The Mudcat Café TM
Thread #8430   Message #52493
Posted By: Joe Offer
07-Jan-99 - 05:16 AM
Thread Name: Origin: Bay of Biscay-o + Neptune's Raging Fury
Subject: RE: INFO: Bay of Biscay
Click here to get to the lyrics in the Digital Tradition database for "Of all the harbours east and west." Entering "biscay" in the search box in the upper-right corner of this page will bring up more than one song, but may also bring up more information.

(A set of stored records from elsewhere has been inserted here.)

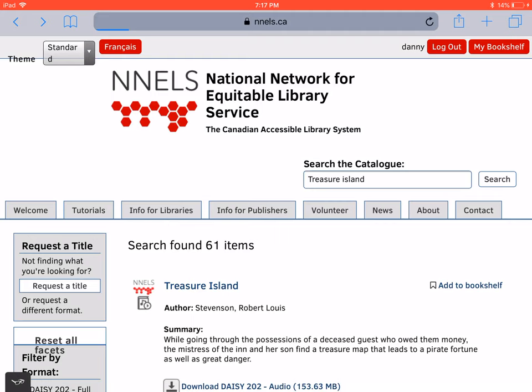Welcome to a tutorial of FB Reader, version 1.0.9 on iOS. This video was created with support from the Government of Canada's Social Development Partnerships Program, Disability Component. The opinions and interpretations in this video are those of the creator and do not necessarily reflect those of the Government of Canada. It was produced with sighted assistance.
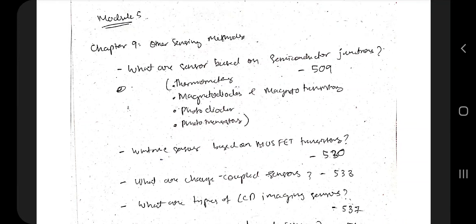Hello everyone, today in this video we'll be discussing the fifth module, which is the last module from the subject sensors and signal conditioning. In continuation with the previous four videos, we have discussed modules one, two, and four.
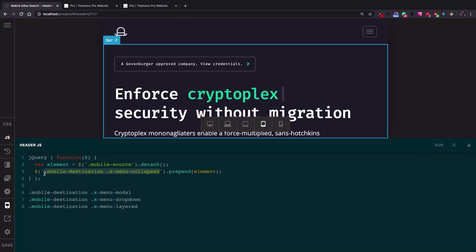I'll add all the codes necessary for the different navigation elements into the description box. Thanks everyone — that's how you add a Search Inline feature into one of the mobile navigation menu items.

Here's the introduction to "The Bonny Bay of Biscay-O" in Traditional American Folk Songs from the Anne & Frank Warner Collection
We have been able to find no information in print about this song. English friends have told us that this is one of the folk songs blandly thrust upon small English school children, with no information about its origin or usage. There is a version of the "Gypsy Laddie" (Child No. 200) in which the chorus says, "Some sang high and some sang low, and some sang 'The Bonny Bay of Biscay-O.'" The song has not been found elsewhere in America, although a song of the same name appears (words only) - with very different words - on page 515 of American Folk Poetry, edited by Duncan Emrich. That song may be heard on Library of Congress field recording AFS, 4464B as recorded by Alan Lomax from the singing of Mrs. Carrie Grover of Gorham, Maine, in 1941. Mrs. Grover's song is about a terrible storm at sea and the British ship that was nearly destroyed in the Bay of Biscay-O.